Si ce n’était que cela ! Le président de la CDHC s’emploie à attaquer la liberté d’expression afin de se protéger : des procédures offensives sous huis clos ont été initiées contre des responsables d’un média privé, NAJA TV, mais aussi contre un acteur de la société civile, enseignant d’université de surcroit, pour avoir voulu simplement s’exprimer sur cette affaire qui intéresse tous les justiciables camerounaises et camerounais.
Comme si les peines de la désormais ex-collaboratrice du président de la CDHC ne suffisaient pas, elle est attaquée pour « cybercriminalité », pour avoir partagé un article critiquant le silence de la CDHC face à la torture de Longuè Longuè.
Un ensemble de manœuvres qui questionnent. Normalement, tous les efforts devraient être mis en œuvre pour que vérité soit dite sur les accusations de harcèlement sexuel, pour l’intérêt de la Commission. A contrario, on assiste à un enchaînement de procédures qui auront juste pour effet de complexifier la première et de retarder l’éclosion de la vérité.
Tout cela n’est pas de nature à diluer les suspicions de prédation sexuelle dont se plaint la victime. Car, en général, les prédateurs sexuels prospèrent grâce à des mécanismes vicieux : ils utilisent leur position pour isoler les victimes, épuiser leurs ressources et corrompre la justice. Cela est perçu comme des méthodes de silenciation envers les victimes ou quiconque les soutiendrait manifestement. Avec les différents huis clos, prononcés par décisions de justice à la demande du président de la Commission, et les procédures offensives initiées par lui, les doutes et les craintes ne cessent de croître à l’endroit de cette institution ô combien indispensable aux citoyennes et citoyens camerounais.
Comment un homme accusé d’outrage à la pudeur et de chantage peut-il présider une institution qui devrait protéger les survivantes ? Sachant que, selon la loi promulguée par vos soins portant création, organisation et fonctionnement de la CDHC, la Commission a le pouvoir d’auto-saisine sur toute affaire de violation de droits humains, mais aussi le pouvoir d’enquêter et d’auditionner. Ce qui fait d’elle un acteur de justice devant collaborer étroitement avec le parquet et le siège.
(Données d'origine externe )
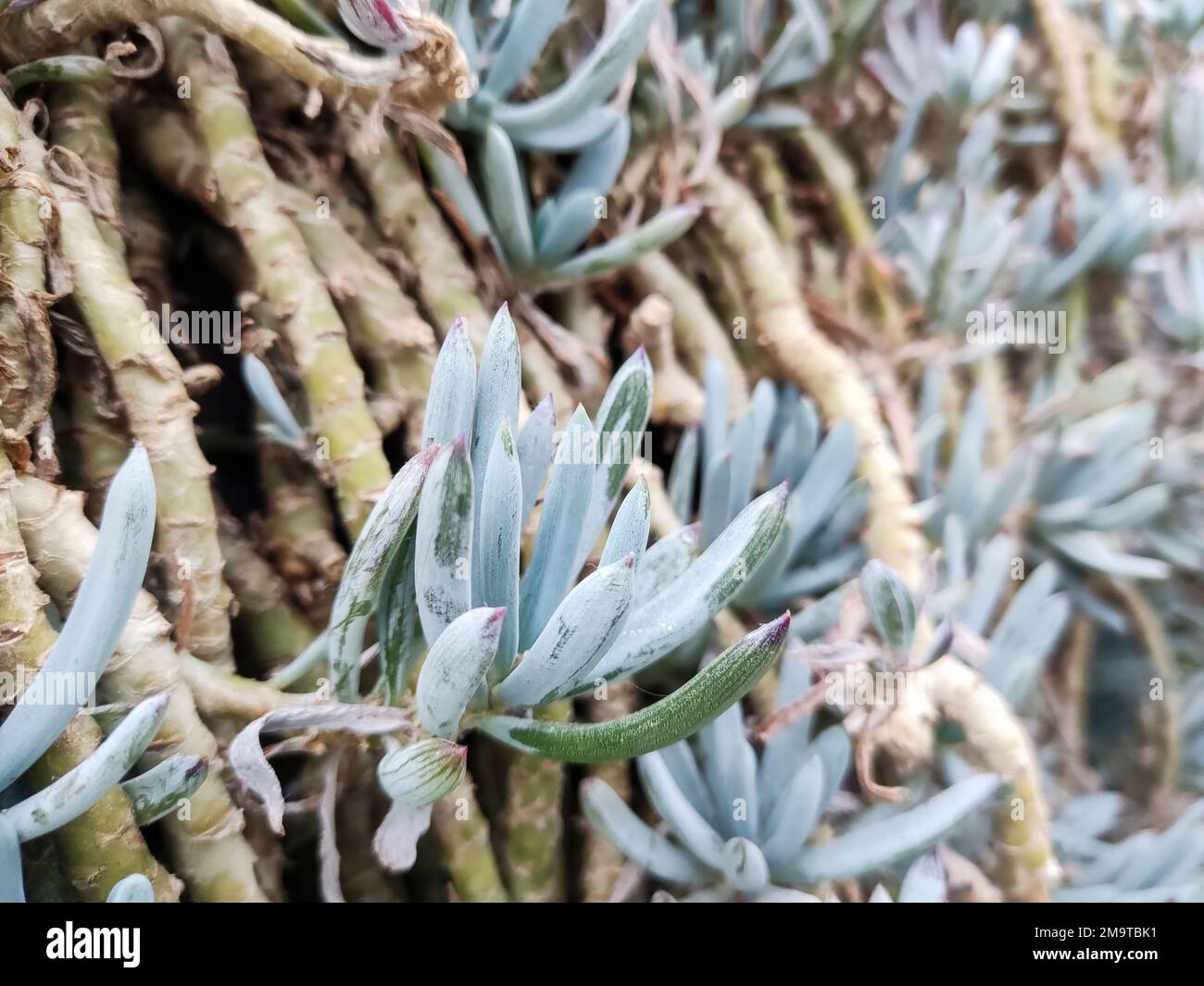 Blue-gesso Sticks piante, con il nome scientifico Senecio Serpens Foto Stock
En dehors d’un probable risque de délit d’initié, il y a lieu de se préoccuper des magistrats, qui voudront aller au bout des procédures dans ces affaires sans compliquer les relations entre les tribunaux et la Commission dans la diligence des affaires de droit commun. Le Professeur Mouangué Kobila, déjà soupçonné, selon les réquisitions du parquet, d’avoir embarqué la Commission dans le déshonneur de la préméditation de licenciement abusif, pourrait embarquer toute la justice dans cette affaire scabreuse. Notre justice mérite-t-elle d’être embourbée dans pareil scandale à cause d’une seule personne ? Il devient impérieux de préserver l’image de la justice et de la Commission des Droits de l’Homme du Cameroun auprès des citoyennes, des citoyens et des institutions nationales et internationales.
Excellence, nous réclamons :
- la suspension temporaire immédiate du Pr James Mouangue Kobila de la
CDHC pour le temps de la procédure, pour éviter que le manque de confiance s’établisse entre la CDHC et les justiciables, mais aussi les partenaires nationaux et internationaux ; - la fin du huis clos illégitime, permettant de mettre à la lumière la vérité sur les accusations de harcèlement sexuel, afin que l’image de la justice et de la Commission soit réhabilitée ;
- une enquête indépendante sur l’utilisation des ressources de la CDHC pour ces procédures ;
- la protection de la plaignante de toutes représailles, ainsi que celle des personnes menacées de poursuites pour avoir osé parler de ces affaires.
Sachant que, conformément à la loi promulguée par votre diligence, le président de la Commission a juré « solennellement de bien et de fidèlement remplir avec probité, impartialité et indépendance les fonctions » qui sont les siennes, devant la cour suprême, et que l’article 76 du règlement intérieur, signé par Pr Mouangué Kobila en personne, stipule que « les Commissaires sont soumis à la triple obligation de probité, d’impartialité et d’indépendance », votre intervention viendrait rétablir ces sacro-saints principes.
Veuillez agréer l’expression de notre engagement militant.»